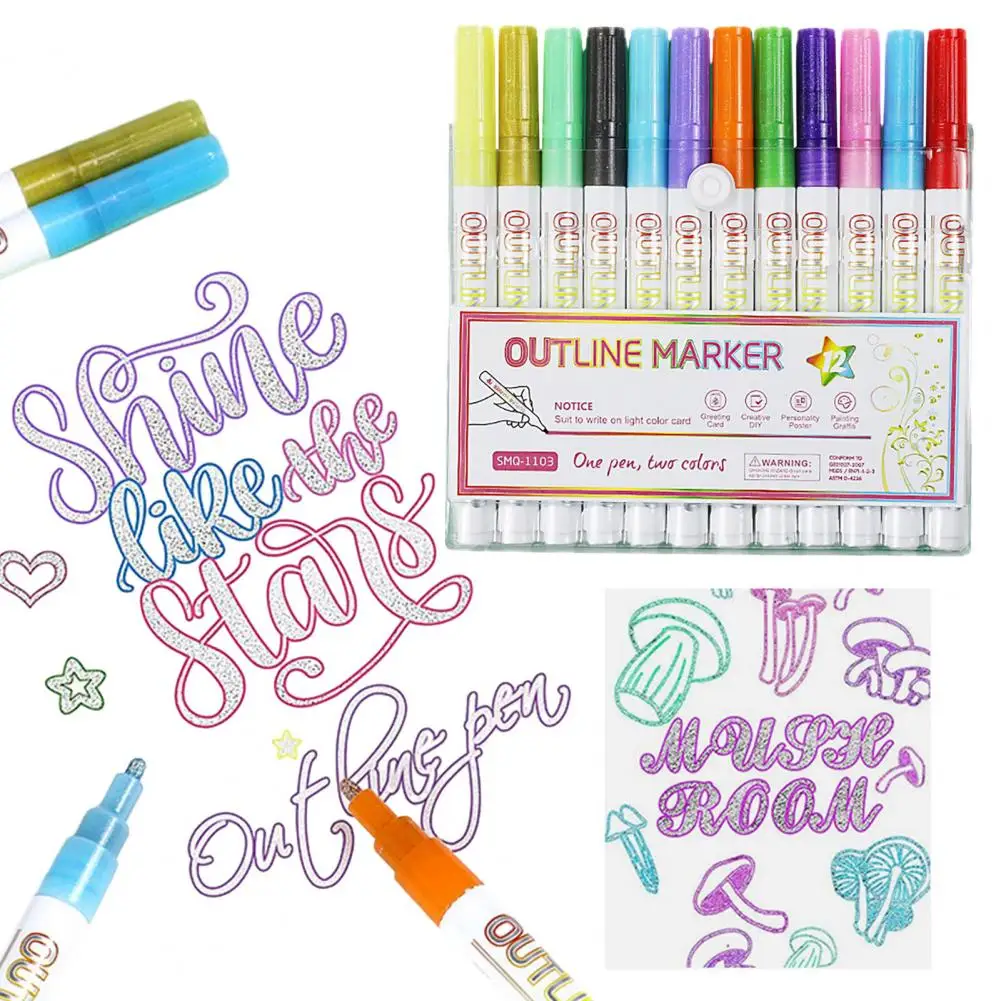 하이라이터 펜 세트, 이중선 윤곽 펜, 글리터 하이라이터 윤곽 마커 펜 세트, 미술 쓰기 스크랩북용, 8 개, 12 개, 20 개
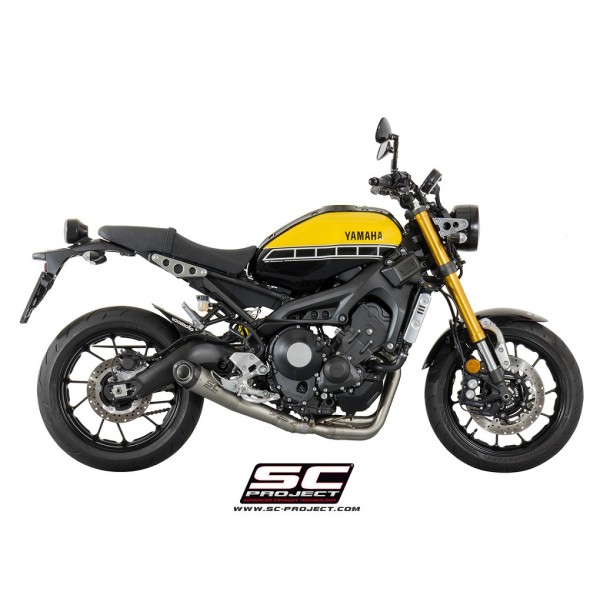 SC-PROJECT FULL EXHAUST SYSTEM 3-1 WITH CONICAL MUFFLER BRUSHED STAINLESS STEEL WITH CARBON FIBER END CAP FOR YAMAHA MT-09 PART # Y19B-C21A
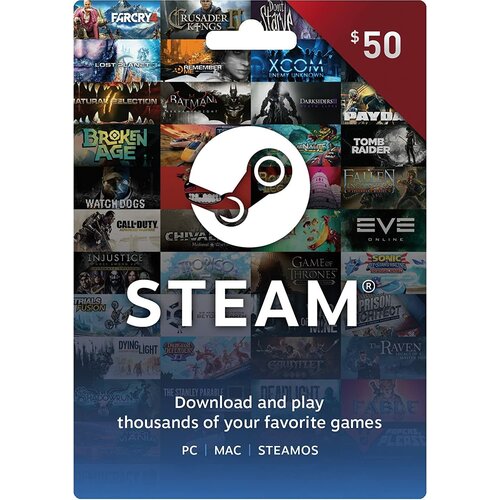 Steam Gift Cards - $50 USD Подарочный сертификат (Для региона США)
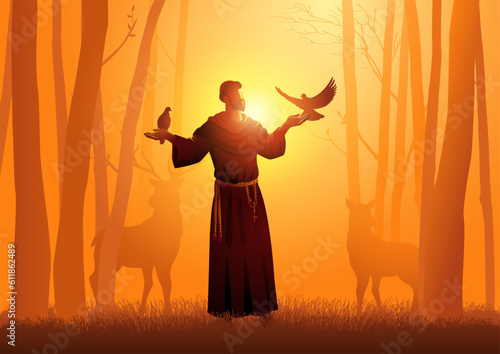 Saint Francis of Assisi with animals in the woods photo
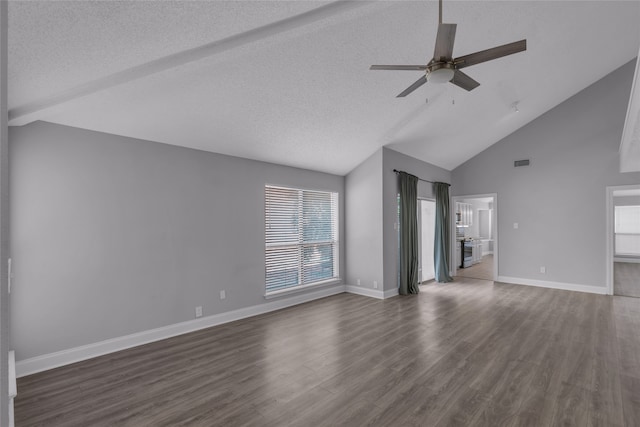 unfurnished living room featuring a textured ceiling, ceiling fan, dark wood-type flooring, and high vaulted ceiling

What is required — Wording must stay exact. Give again the lines from the line with "SC-PROJECT FULL EXHAUST" through the last line of the listing, both ends included, without pictures.

Output of the exercise —
 SC-PROJECT FULL EXHAUST SYSTEM 3-1 WITH CONICAL MUFFLER BRUSHED STAINLESS STEEL WITH CARBON FIBER END CAP FOR YAMAHA MT-09 PART # Y19B-C21A
 Steam Gift Cards - $50 USD Подарочный сертификат (Для региона США)
 Saint Francis of Assisi with animals in the woods photo
 unfurnished living room featuring a textured ceiling, ceiling fan, dark wood-type flooring, and high vaulted ceiling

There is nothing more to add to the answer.